The appeal of Finder is that it is so natural to open a file, even one chosen at random, by double-clicking it, to see its contents and figure out where my code has gone wonky
Many times
open filename.extension
will automatically open the correct application, as if you had double clicked on it.
If you need to force a specific application, and default for the .extension is not that app, then you would include the -a Application option, as in:
open -a LibraOffice filename.extension
You said
I'm doing text analysis and extracting specific bits of information from files that all contain the same info but are not all formatted the same way)
If the files are plain text or at least the strings you are looking for are plain text, then you can use lots of different tools in the terminal to search the files. 'grep' is a great tool for searching a large number of files to look for unique strings.
And because you have a very large number of files that may overwhelm the command line length limits, you could do something like:
Type 'cd' and a space
Drag and drop the folder icon from the Finder to the Terminal session
Press return.
The terminal session's current working directory, is the Folder you are interested in.
Now:
ls -f | grep -i 'filename_pattern_you_are_interested in' | xargs grep -i -l 'pattern_in_files_you_are_looking_for'
- This command will list the names of all the files that contain the pattern you are looking for.
- The 1st 'grep' will select the subset of files that have a specific pattern in the file name.
- The 2nd 'grep' will search the contents of each file looking for the pattern you are interested in.
- The 'xargs' command will invoke the 2nd 'grep' multiple times, each time with a subset of the file names it reads from its side of the pipe, but not so many that the command line gets too long. It is a very efficient way of processing lots of files without exceeding the command line length
- The -l (dash lowercase L) in the 2nd 'grep' tells 'grep' to just show the file name if it contains the pattern in the file. If you want to actually see what lines it found in the file that match your pattern, then remove the -l
- The -i in both 'grep's says to ignore upper/lowercase. Often makes it easier to find things.
Grep accept regular expressions. If you do not understand regular expressions, then know that just using simple a-z, 0-9 is good enough for many things.

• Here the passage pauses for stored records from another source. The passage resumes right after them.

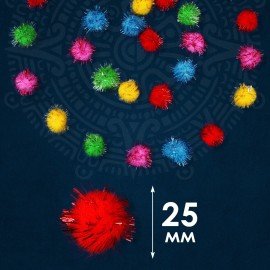 Помпоны для творчества, блестящие, 5 цветов, 25 мм, 30 шт., ОСТРОВ СОКРОВИЩ, 661425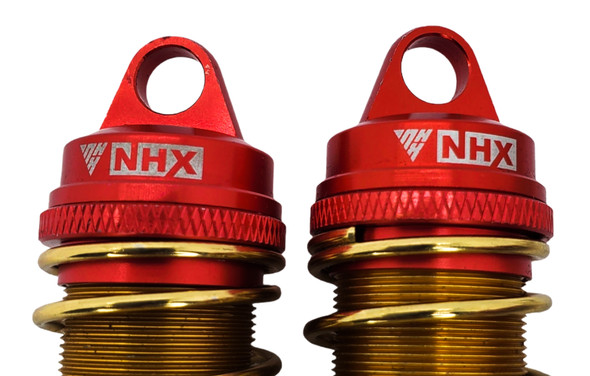 NHX RC Adjustable 143mm Aluminum Shocks (2) for 1/8 Arrma Traxxas Hobao -Red
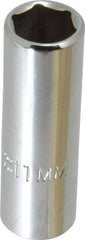 Proto - 1/4" Drive, Deep Hand Socket - 6 Points, 1-15/16" OAL, Chrome Finish - Best Tool & Supply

NOTE: Most people with a lot less files in a directory would actually just use:
grep -i -l 'search_pattern' company*
My example line above is only because you have so many files in a single directory, that wildcard file name expansion would most likely put so many files on the command line, it would overflow the maximum length allowed on a command line.
Now if you know things like perl, awk, python, or other scripting language that is good at searching files for things, you can have a fantastic time using Terminal sessions to process your files.